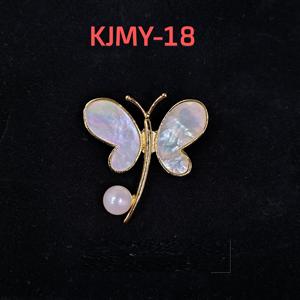 Broche de Perlas de Agua Dulce con Acabado de Latón Antiguo de Lujo y Calidad Premium para Regalos y Ocasiones Especiales, Disponible para Exportación - Product Image 4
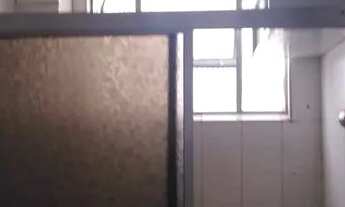 Imagem 2: Apartamento barato no centro 1300 reais incluso água condomínio e IPTU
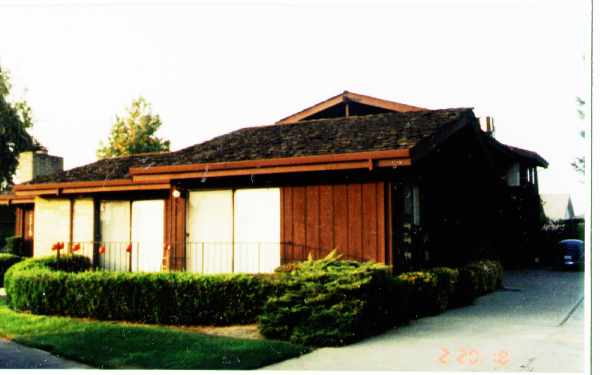 200 Rutledge Dr in Lodi, CA - Foto de edificio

━━━

How to complete this task -
Apart from the pictures, repeat the data above exactly.

Written response -
 Broche de Perlas de Agua Dulce con Acabado de Latón Antiguo de Lujo y Calidad Premium para Regalos y Ocasiones Especiales, Disponible para Exportación - Product Image 4
 Imagem 2: Apartamento barato no centro 1300 reais incluso água condomínio e IPTU
 200 Rutledge Dr in Lodi, CA - Foto de edificio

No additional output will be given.